Owing to the high corrosion resistance, weldability, and coatability thereof, hot-dip galvanized steel sheets are widely used as automotive steel sheets. Automobile panels and structural members are required to have high strength for the purposes of weight reduction, improvements in fuel efficiency, and passenger safety, and thus many kinds of high-strength automotive steels have been developed.
Although steels for automobiles are required to have high formability for press-forming or roll-forming processes in addition to having high strength, most kinds of steel do not satisfy such requirements, and thus different kinds of steel are used according to individual applications. For example, dual-phase steel (DP steel in which relatively hard martensite formed by phase transformation is finely dispersed within a matrix of ferrite) having uniform ductility and deep drawing properties as well as a high degree of strength, owing to a low yield strength ratio and a high strain hardening rate, is commonly used in applications requiring press-forming processes, and martensite single-phase steel having a high degree of strength and a degree of balance between strength and bendability is used in applications requiring roll-forming processes.

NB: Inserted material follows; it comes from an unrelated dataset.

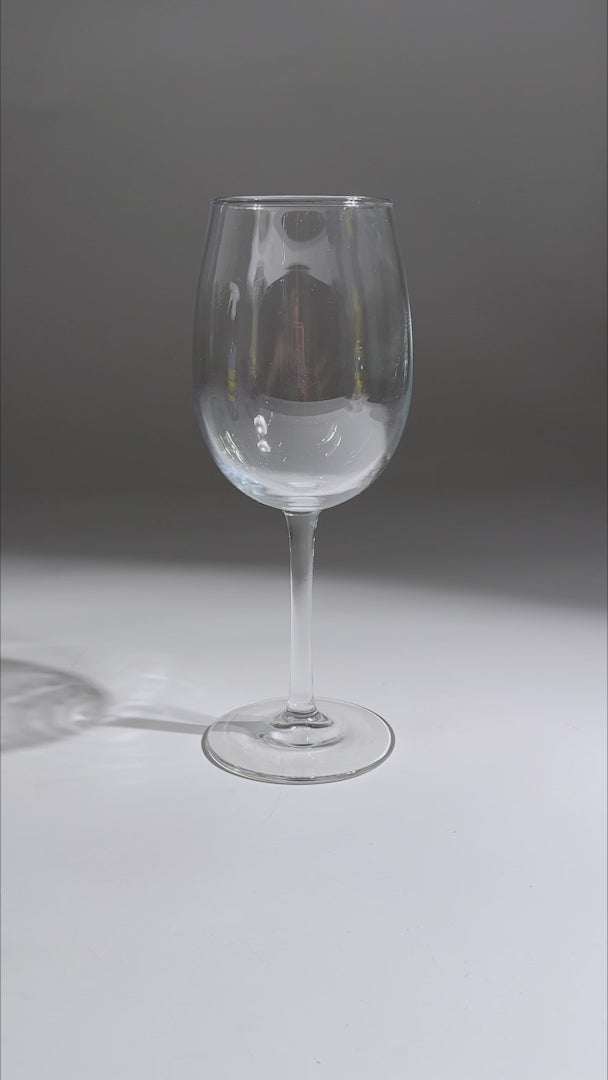 Cargar vídeo: Video de la copa para vino blanco de vidrio Finedge 370 ml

Therefore, a large amount of research has recently been conducted into steel having a high degree of formability for both press-forming and roll-forming processes as well as having a high degree of strength. As a result, as disclosed in Patent Documents 1 to 4, austenitic high manganese steel has been proposed, in which manganese is included in an amount of 5% to 35% to induce the formation of twins during plastic deformation and to thus obtain a high degree of strength and a markedly improved degree of ductility.
However, since there is a limit to increasing the tensile strength of austenitic high manganese steel to 1200 MPa or greater, it is difficult to manufacture ultra-high-strength steel from austenitic high manganese steel. That is, alloying elements such as manganese (Mn), silicon (Si), chromium (Cr), or vanadium (V) have to be additionally added in order to obtain a degree of strength of 1200 MPa or greater.
However, if alloying elements are added to such high manganese steel, the hot-dip galvanization properties of the high manganese steel are further deteriorated. Specifically, when a hot-dip galvanized steel sheet is produced by coating a high manganese steel sheet through a hot-dip galvanizing process, an annealing process is usually performed under a nitrogen atmosphere including hydrogen so as to obtain the necessary material properties and surface activation (reduction) properties. In this case, the atmosphere serves as a reducing atmosphere for iron (Fe) in the high manganese steel sheet and an oxidizing atmosphere for easily oxidizable elements of the high manganese steel such as manganese (Mn), silicon (Si), aluminum (Al), or chromium (Cr). Therefore, if a high manganese steel sheet in which alloying elements such as aluminum (Al) and silicon (Si), as well as manganese (Mn), are included in large amounts is processed through a recrystallization annealing process under such an atmosphere, the alloying elements may be selectively oxidized (selective oxidation) by moisture or oxygen contained in small amounts in the atmosphere, and thus oxides such as oxides of manganese (Mn), aluminum (Al), or silicon may be formed on the surface of the high manganese steel sheet (base steel sheet to be coated). Therefore, when the high manganese steel sheet is coated, the high manganese steel sheet may not be properly coated, or a coating layer formed on the high manganese steel sheet may be removed in a later machining process.
That is, if alloying elements are added to high manganese steel sheets, it may be difficult to coat the high manganese steel sheets under general processing conditions. Furthermore, the addition of relatively expensive alloying elements may increase manufacturing costs.